My art can be found on Instagram @klonskyart.
As we were heading home from Saturday’s Chicago protest of the impending Supreme Court decision to overturn fifty years of Roe, I ran into an old friend.
Both of us have been through decades of struggles against wars and racism. We have the receipts and battle scars we wear proudly.
“I can’t believe they did this,” she said.
“Who?” I asked.
“The Supreme Court!” she yelled.
You see?
Even after decades of fighting the system, even the most seasoned of our social justice veterans have an expectation of justice.
And we can still be disappointed, even surprised, that it fails to deliver it so often.
But the Supreme Court, like many American institutions, was birthed by the system of slavery and still bears its brand.
It is a thoroughly undemocratic institution with life-time membership. Five of the current members were appointed by presidents who were elected by a minority of voters. For most of the Court’s history it excluded all but white men.
Most justices will likely be on the Court for the next quarter century.

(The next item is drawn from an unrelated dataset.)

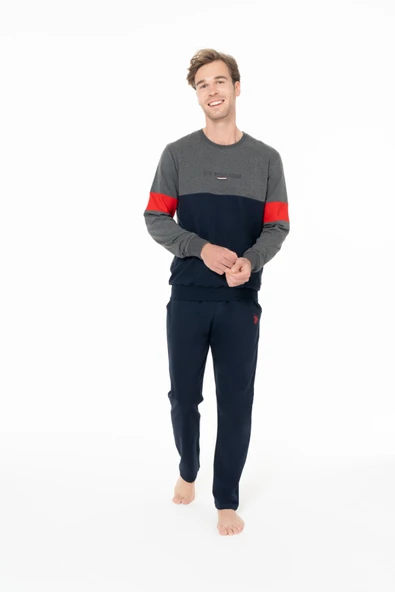 U.S. Polo Assn. Erkek Renk Bloklu Antrasit Pijama Takımı - Antrasit - ARSNO18W93X0-YANT ürün görseli 1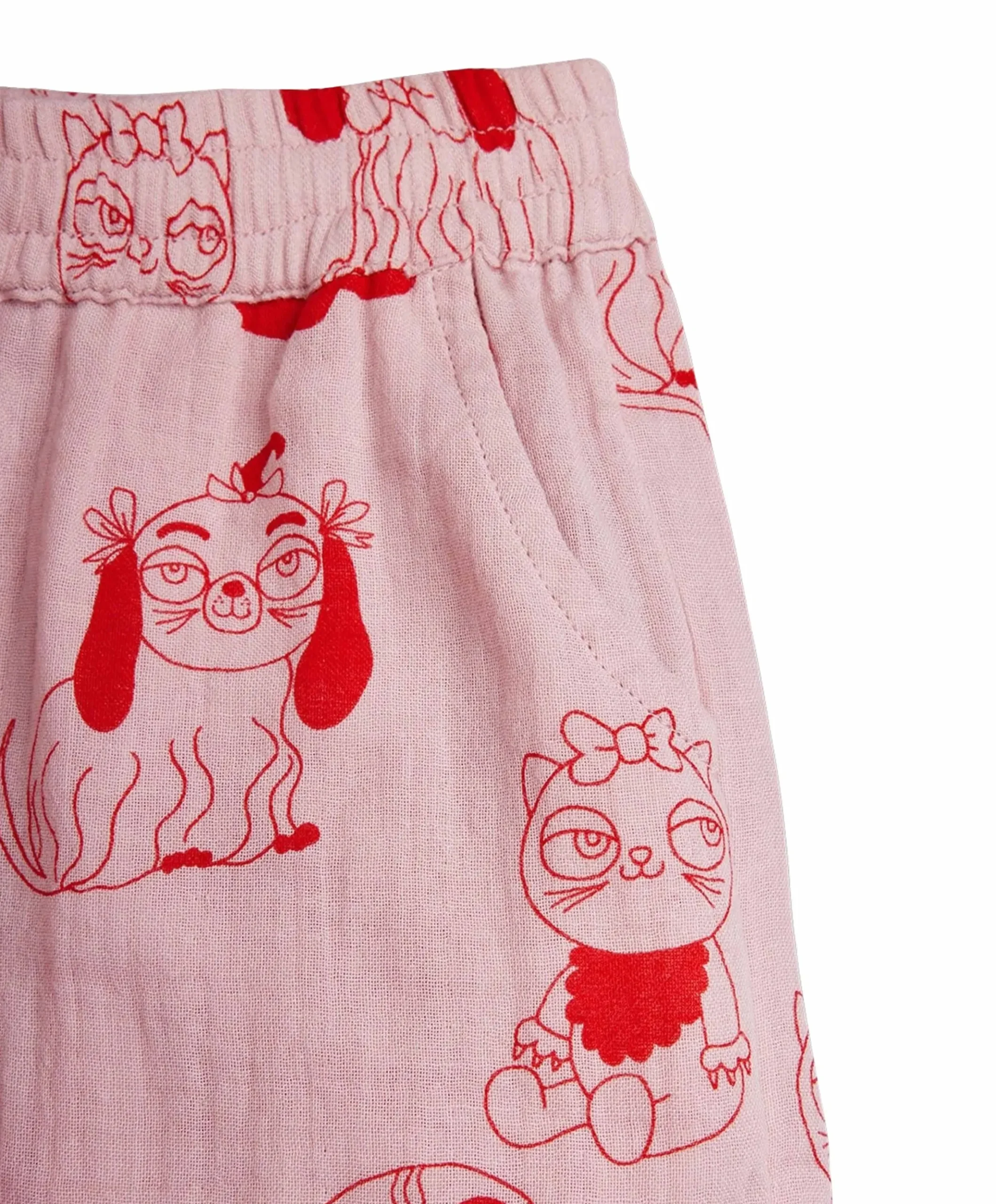 Minibabies woven meisjes korte broek roze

There is no legal recourse to a decision they make.
The Dred Scott decision of 1857 ruled that the framers believed Black people were “beings of an inferior order” and “so far inferior that they had no rights which the white man was bound to respect and that the Negro might justly and lawfully be reduced to slavery for his benefit.”
It took The Civi War to over turn that decision.
Ian Millhiser at Vox does a good job of tracing the Court’s reactionary history.
I do not believe that relief will be found in the courts from this terrible decision in my life-time
States’ rights, the theory that was invented to protect slavery, will be their defense.
We will need to find another route of attack.